Spending Program Changes
The Liberals are sticking with priorities
established previously - education, infrastructure, innovation, and
strengthening partnerships.
There is a multi-year Skills Training program of
$1.5 billion – but the colleges component of new spending is for capital and
capacity not educational programming. Programs will reach one in ten laid-off
workers.
Overall, modest spending increases are planned for
this fiscal year 2007-08 using the added revenue from the strong year 2007; most
ministries are receiving larger budgets with lower budget for only a few
ministries, most of which got in-year one time increases in 2007-08.

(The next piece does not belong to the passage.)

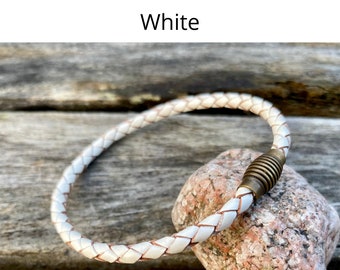 Thin Braided Leather Bracelet With Brass Clasp For Men and Women 9 Colors CS-19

Health care spending goes to $40-billion, with an
added focus on health care teams, nurse practitioners, personal care workers,
and cancer screening.
Long-term care staff funding will be $107-million
over three years for 2,500 personal support workers. OPSEU called this
‘inadequate.’
A 2 per cent increase in Ontario Works and ODSP
rates, a modest amount for student meals and a free dental program are the
anti-poverty measures
There will be $1-billion for seniors over 5 years
in property tax relief.
Also, $1-billion is set aside for municipal
infrastructure – half for Toronto and Hamilton transit.
Other
Wage settlements are said to be a key cost driver
that “could have a substantial impact” yet each one per cent increase for the
entire OPS would be $56-million on a $96-billion budget – or 0.05 per cent of
government spending. A one per cent wage increase for colleges would cost
$14-million. Sadly, the P3 (public-private partnership) continues to be a core
feature of Liberal infrastructure plans.
The opposition parties: PC leader John Tory called
for more tax cuts. NDP leader Howard Hampton says new programs will not help
the crisis in manufacturing or address needs of enough laid off workers.